I went to Okinawa on inspection trips while stationed at Hickam AFB in the early 1980’s, and my Navy Sea Bee buddy, Merv, told me about the desperate battles and staggering deaths from combat and suicide that the Japanese soldiers and Okinawa civilians suffered. He and some of his buddies searched the caves for World War II artifacts, not for souvenirs, but to turn over to Japanese societies for identification and presentation to the families of the missing dead.
Thousands of Japanese were entombed in the caves, and thousands -- women, children, old people -- threw themselves from the cliffs rather than suffer the humiliation and atrocities they had been told to expect at the hands of the conquering Americans.
Bombing Hiroshima and Nagasaki was not a “monstrous, racist act.” If Ferlinghetti were a better student of history, or probably if he were just more honest, he would admit that the bombing saved millions of Japanese military and civilian lives, and the lives of hundreds of thousands of American soldiers and sailors.
I have absolutely no respect for you, Mr. Ferlinghetti, and your outrageous statements. You display your ignorance and/or dishonesty (which is it?) by not noting that German cities had already suffered much more sustained bombing than the Japanese. If you and other critics of the atomic bombings were fair, you would mention Dresden (75 percent destroyed), Hamburg (firestorms cooked and suffocated people in shelters), Berlin (70 percent destroyed, 1.5 million homeless), and many others.
Dresden dead and dying
Hamburg after the firestorm Hell
British Air Chief Marshal Arthur "Bomber" Harris famously said of the Germans "They have sowed the wind and so shall they reap the whirlwind."
It can easily be stated about all warfare that it is “monstrous.” Since most nations have a degree of racial homogeneity, perhaps the label “racist” fits too.
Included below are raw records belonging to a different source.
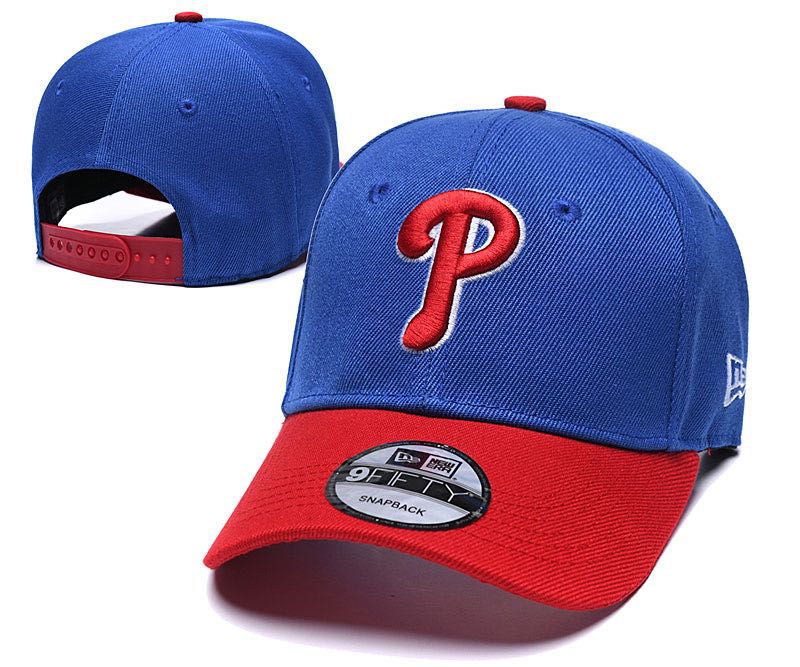 2025 MLB Philadelphia Phillies Hat TX202503076
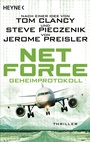 Cover: Net Force. Geheimprotokoll - Heyne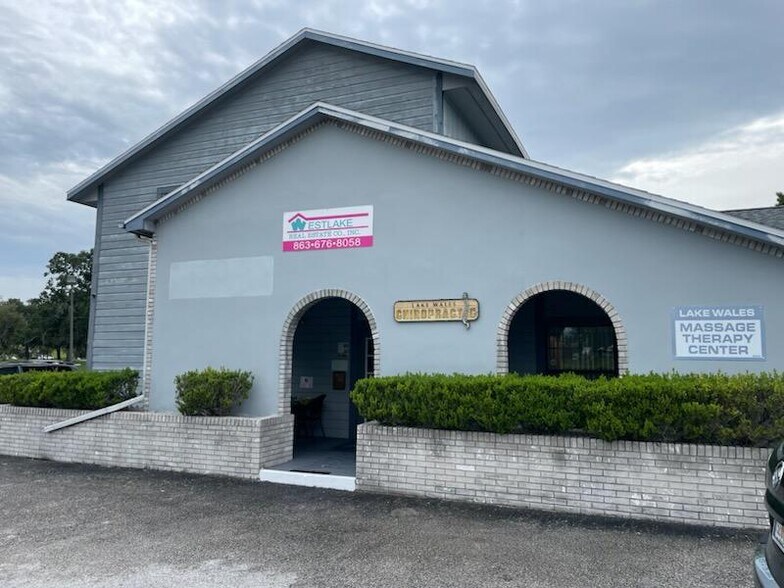 More Photos Of 343 W Central Ave, Lake Wales Office Residential For Lease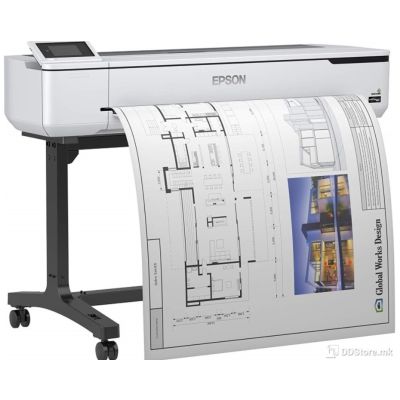 EPSON SureColor SC-T5100 Inkjet printer/ploter 36" standard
However, terrible deeds had been done by the Japanese and Germans to both military and civilian inhabitants of the countries they invaded and conquered.
Mr. Ferlinghetti, let me try some historical word associations on you.
The Rape of Nanking. Any comments?
The Holocaust. Do you have anything to add? Who does?
German and Japanese gross violations of the Geneva Convention concerning the treatment of Prisoners of War, and other war crimes. When you heard about their atrocities, did you get mad too?
The Blitz? London? Coventry? Plymouth?
The Bataan Death March. I knew a survivor. You probably didn’t. There weren’t many, you know.
Mr. Ferlinghetti, I find you guilty of either gross ignorance or dishonesty, either or both of which should disqualify you from being considered a serious commentator on the motives underlying the atomic bombing of Hiroshima and Nagasaki. A truthful and fair conclusion would be that a hundred thousand lives were sacrificed to save the lives of millions, and incomprehensible destruction.
Had we invaded the Japanese mainland, then you would be justified in labelling the resulting carnage "monstrous and racist," and just about any other horrible words you could assign.
However, almost all the soldiers and sailors you served with were glad we dropped the bombs and didn't invade. The Japanese should be.